The present disclosure relates to a method for processing multiple tasks based on an artificial intelligence and a mobility device using the method, and more particularly, to a multi-task processing method for inferring tasks of semantic segmentation, depth estimation, and monocular 3D object detection simultaneously based on an artificial intelligence and a mobility device using the method.

At least some studies on neural network structures use artificial intelligence (AI) models with different optimized structures to consider real-time inference for monocular 3D object detection and semantic segmentation.
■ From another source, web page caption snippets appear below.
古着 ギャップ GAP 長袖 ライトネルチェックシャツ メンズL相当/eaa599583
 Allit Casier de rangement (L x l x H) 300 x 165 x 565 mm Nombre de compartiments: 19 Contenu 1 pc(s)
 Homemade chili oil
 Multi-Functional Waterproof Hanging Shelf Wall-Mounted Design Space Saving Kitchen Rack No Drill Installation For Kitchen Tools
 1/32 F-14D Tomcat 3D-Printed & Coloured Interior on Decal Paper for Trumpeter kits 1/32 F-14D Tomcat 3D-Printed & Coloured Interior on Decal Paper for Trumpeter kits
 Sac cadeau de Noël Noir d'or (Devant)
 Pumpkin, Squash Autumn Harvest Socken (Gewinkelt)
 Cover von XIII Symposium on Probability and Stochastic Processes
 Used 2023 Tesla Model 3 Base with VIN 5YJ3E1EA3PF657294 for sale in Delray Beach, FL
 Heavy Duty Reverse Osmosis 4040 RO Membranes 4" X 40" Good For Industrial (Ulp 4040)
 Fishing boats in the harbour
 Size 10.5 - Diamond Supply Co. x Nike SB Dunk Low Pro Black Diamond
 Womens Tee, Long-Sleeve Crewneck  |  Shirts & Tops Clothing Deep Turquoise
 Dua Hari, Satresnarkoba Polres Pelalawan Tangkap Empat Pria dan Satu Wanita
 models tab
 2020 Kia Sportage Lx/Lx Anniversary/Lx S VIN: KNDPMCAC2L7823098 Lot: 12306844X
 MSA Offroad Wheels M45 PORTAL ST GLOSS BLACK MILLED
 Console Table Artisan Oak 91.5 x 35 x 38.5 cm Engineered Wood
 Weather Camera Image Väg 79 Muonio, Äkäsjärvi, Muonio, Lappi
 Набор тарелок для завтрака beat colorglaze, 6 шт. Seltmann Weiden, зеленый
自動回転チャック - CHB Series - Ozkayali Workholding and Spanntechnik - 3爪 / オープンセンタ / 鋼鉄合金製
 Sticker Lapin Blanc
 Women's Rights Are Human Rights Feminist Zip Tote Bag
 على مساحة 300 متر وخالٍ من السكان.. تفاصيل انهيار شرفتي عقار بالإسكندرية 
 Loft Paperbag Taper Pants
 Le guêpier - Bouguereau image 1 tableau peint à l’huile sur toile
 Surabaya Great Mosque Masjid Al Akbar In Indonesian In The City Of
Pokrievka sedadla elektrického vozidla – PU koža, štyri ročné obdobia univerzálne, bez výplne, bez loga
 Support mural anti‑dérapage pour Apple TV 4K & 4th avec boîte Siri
An AI model for object detection identifies and estimates objects with various sizes and types. Accordingly, a structure used for representing such variety combines outputs of intermediate layers of a neural network. On the other hand, an AI model for semantic segmentation uses a two-pathway structure that merges a high-resolution path for detailed features of image space and a low-resolution path representing overall semantic features.

If hard-parameter sharing, which is a multi-task learning technique, is used on a real-time backbone in order to improve algorithm speed, an AI model with high inference speed may be constructed. There may be a problem of overall performance degradation due to the difference in tasks.

A specific task is conventionally performed by using an AI model structure optimized therefor, and in case no optimized AI model structure is used, there is a limitation on expected performance.

Additionally or alternatively, if a plurality of tasks are processed using respective AI models, there may be a problem in that a lot of resources need to be allocated to a controller with respect to processing all the tasks.

Accordingly, autonomous driving of a mobility requires an AI model structure capable of real-time inference for main tasks such as object detection, semantic segmentation, and depth estimation, and an attention-based model structure capable of resolving a negative transfer phenomenon.

The present disclosure may be directed to providing a multi-task processing method for inferring tasks of semantic segmentation, depth estimation, and/or monocular 3D object detection simultaneously based on an artificial intelligence and a mobility device (e.g., a vehicle, a drone, a robot, etc.) using the method.

The technical problems solved by the present disclosure are not limited to the above described technical problems. Other technical problems that are not described herein should be more clearly understood by a person having ordinary skill in the technical field, to which the present disclosure belongs, from the following description.

A method may be performed by an apparatus, of a vehicle, for multi-task processing based on an artificial intelligence (AI). The method may comprise: obtaining an aggregated feature map by aggregating intermediate feature maps that are generated sequentially and adjacently from a plurality of layers arranged in a low-resolution pathway of a neural network having a two-pathway structure, wherein image data is input to the low-resolution pathway; obtaining a detailed feature map from a high-resolution pathway of the neural network; generating, based on the aggregated feature map and the detailed feature map, a deep feature map; generating attention information comprising: a task-specific channel attention for each task extracted from the intermediate feature maps; and a task-generic spatial attention extracted from the detailed feature map; generating a task-specific feature map for each task by reflecting the attention information in the deep feature map and providing multiple pieces of task output information based on the task-specific feature map; and causing, based on at least the task-specific feature map, autonomous driving control of the vehicle.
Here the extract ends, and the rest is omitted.